- Terra, as seen in Dissidia: Final Fantasy (concept art by Tetsuya Nomura)
- First game: Final Fantasy VI (1994)
- Created by: Hironobu Sakaguchi
- Designed by: Kazuko Shibuya Yoshitaka Amano
- Voiced by: EN: Natalie Lander; JA: Yukari Fukui;

= Terra Branford =

Protagonist in Final Fantasy VI

Terra Branford, known as Tina Branford (ティナ・ブランフォード, Tina Buranfōdo) in Japanese media, is a character in the Final Fantasy series and the main protagonist of Final Fantasy VI. Kazuko Shibuya designed her and made her in-game sprites while the promotional artwork was made by Yoshitaka Amano. She also appears in the spin-off fighting game series Dissidia Final Fantasy and the rhythm series Theatrhythm Final Fantasy. She has made small appearances in several other games in and outside the Final Fantasy series.

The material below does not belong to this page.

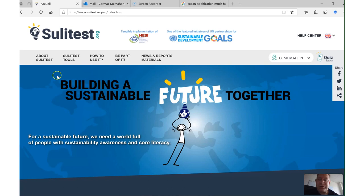And that completes an overview of the SuliTest. Just to remind you that if you want to try it out, go to www.solitest.org, register and give it a go. Thank you. Bye.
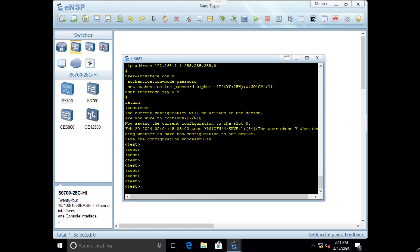Always ensure you save your configuration to avoid losing changes after reboot. That would be it for this first introduction to the Huawei CLI mode and some basic commands.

Terra is the 18-year-old daughter of a human mother and a father who is an Esper, a magical creature with the natural ability to use powerful magic. She was mentally enslaved by the evil Gestahlian Empire, who used her gifted powers to wage war on the empire's neighboring countries. Several rebels rescue her at the beginning of Final Fantasy VI, and she decides to aid their campaign and protect those whose lives were affected by the Empire.

Developers, who initially planned Branford to be a young man, designed her character to start as a passive person in the first half of the game to show her growth throughout the story. Terra's character has received widespread critical acclaim, with game journalists and fans alike praising her complexity and unique backstory. She has been on many lists of gamers' favorite Final Fantasy characters and is one of the most well-known video game characters to date.

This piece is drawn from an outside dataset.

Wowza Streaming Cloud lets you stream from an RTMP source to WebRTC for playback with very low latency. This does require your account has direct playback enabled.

==Conception and creation==
Final Fantasy VI was developed with the mindset that none of the playable cast was the protagonist, and that each of them were equally the "main character". The cast of characters were selected from submissions from across the development team. Once the characters were selected, each individual would write their character's story, with Yoshinori Kitase balancing the plot as things developed. The character was initially conceived as a half-esper young man in his early 20s. He was to be a partner and rival of the dark, mysterious Locke Cole. Named "Tina Branford" in Japanese media, American playtesters "hated the name Tina, almost to a person!", according to the game's translator Ted Woolsey. For this reason, Woolsey renamed the character "Terra" in the North American English version of the game. While acknowledging that some might dislike the name change, he noted that the games he worked on "were meant for a broader audience than the one which buys and plays Japanese imports" and that "those who know Japanese should play the original versions."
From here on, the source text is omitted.